Example ‘Food Hero’ starter dish:
Roasted Bone Marrow, Braised Ox Cheek, Arugula & Roast Garlic Pesto, Black Pepper Crisp

Example ‘Food Hero’ main dish:
Gaindykehead Farm Hanger Steak, Bone Broth, Jamesii Potato

What makes these ‘Food Hero’ dishes?

This starter and main combination are a great example of how cleverly designing a menu can work to reduce food waste. The ox cheek is trimmed of fat and sinew and is slow cooked for over six hours, turning a usually tough and fatty piece of meat into something luxuriously melt in the mouth. The cooking liquor from the braising of the ox cheek is then saved and used as a base for the bone broth on the hanger steak dish.

Traditionally known as the butcher’s steak – because butchers would normally take it home rather than offer it to the public – hanger steak is a cut that is prized for its flavour.

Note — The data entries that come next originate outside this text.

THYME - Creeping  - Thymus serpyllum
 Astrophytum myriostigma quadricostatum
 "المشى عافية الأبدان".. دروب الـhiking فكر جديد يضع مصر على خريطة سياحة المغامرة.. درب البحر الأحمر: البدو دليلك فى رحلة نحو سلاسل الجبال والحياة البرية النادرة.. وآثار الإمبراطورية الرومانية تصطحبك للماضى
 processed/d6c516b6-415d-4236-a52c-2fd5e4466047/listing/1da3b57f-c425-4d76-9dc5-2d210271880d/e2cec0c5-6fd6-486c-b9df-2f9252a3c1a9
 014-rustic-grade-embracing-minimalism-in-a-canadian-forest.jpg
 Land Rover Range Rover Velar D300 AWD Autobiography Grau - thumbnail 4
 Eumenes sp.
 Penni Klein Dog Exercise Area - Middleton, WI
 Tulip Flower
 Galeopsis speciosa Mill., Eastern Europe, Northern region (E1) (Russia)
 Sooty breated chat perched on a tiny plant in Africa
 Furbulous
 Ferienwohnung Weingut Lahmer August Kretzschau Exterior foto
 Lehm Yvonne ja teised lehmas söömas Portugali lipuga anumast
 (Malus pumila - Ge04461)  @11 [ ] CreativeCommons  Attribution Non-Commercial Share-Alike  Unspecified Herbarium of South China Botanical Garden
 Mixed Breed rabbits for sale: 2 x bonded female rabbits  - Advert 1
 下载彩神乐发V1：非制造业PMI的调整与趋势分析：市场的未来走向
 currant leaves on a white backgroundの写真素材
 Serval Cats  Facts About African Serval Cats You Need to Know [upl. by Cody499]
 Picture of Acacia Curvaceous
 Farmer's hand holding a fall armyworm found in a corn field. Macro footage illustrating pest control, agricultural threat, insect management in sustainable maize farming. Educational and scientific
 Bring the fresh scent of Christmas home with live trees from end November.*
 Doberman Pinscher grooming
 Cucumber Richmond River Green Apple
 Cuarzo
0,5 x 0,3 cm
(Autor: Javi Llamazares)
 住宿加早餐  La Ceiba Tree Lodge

Today, most people considered it to be a crude cut of meat although, in the right hands, it‘s one of the most tender cuts from the beast.

Example ‘Drink Hero’
Green Bahama Sour (Discarded ”Banana Peel Rum”, pineapple syrup, lime, aquafaba, Thai basil stems, garnished with frozen pineapple leaf)

What makes it a ‘Drink Hero’ cocktail? 

The base booze of this cocktail is Discarded’s “Banana Peel Rum” – a spirit that comes infused with banana peels to add sweetness, at the same time as reducing food waste. The cocktail also features a homemade pineapple syrup, created with the rind of the fruit that’s usually binned, and aquafaba – water from tinned chickpeas – which is a clever way of using a ‘waste’ product as a substitute for egg whites.

"As the world begins to realise and come to terms with the impact we make on our planet, it's now more important than ever to make changes to the way we operate to help in the combined effort towards an issue much larger than all of us.

Historically the hospitality industry has generated huge amounts of waste. We're delighted to be a part of Plate up for Glasgow as it allows us to showcase how previously discarded food items can be used to create exceptional food and drink products. This not only impacts the amount of produce we throw away but also lowers the amount of packaging required on buying in food items.

It gives us the opportunity to prove to ourselves and other bars and restaurants that it can easily be done through careful deliberation and planning. It's our hope other venues will follow suit to help us further expand on the collective effort to work towards a cleaner and greener industry."

-  Craig Murray, General Manager, Porter & Rye

Please bear in mind...

*Dining options showcased on the Plate up for Glasgow site are examples only, and are subject to change.

Please bear in mind that as a food waste campaign that focuses on using surplus ingredients, dining options may change regularly. We think this is something that should be celebrated – although it does make it difficult to know in advance which options you’ll be able to choose  from, or their availability. So when it’s gone, it’s gone. And when it’s gone, there’s no waste!

Participating venues are responsible for showcasing their own daily dining offers throughout the campaign period. We would strongly recommend contacting them directly to confirm details and availability before your visit to avoid disappointment.

Due to the nature of this campaign, catering for all dietary requirements may be limited. However, we have done our best to cater for as many needs as we can.

And of course, dining options are never created with ingredients that are past their sell-by date. “Leftover” food is just food that is surplus or unsold, which unfortunately happens all too often along food supply chains.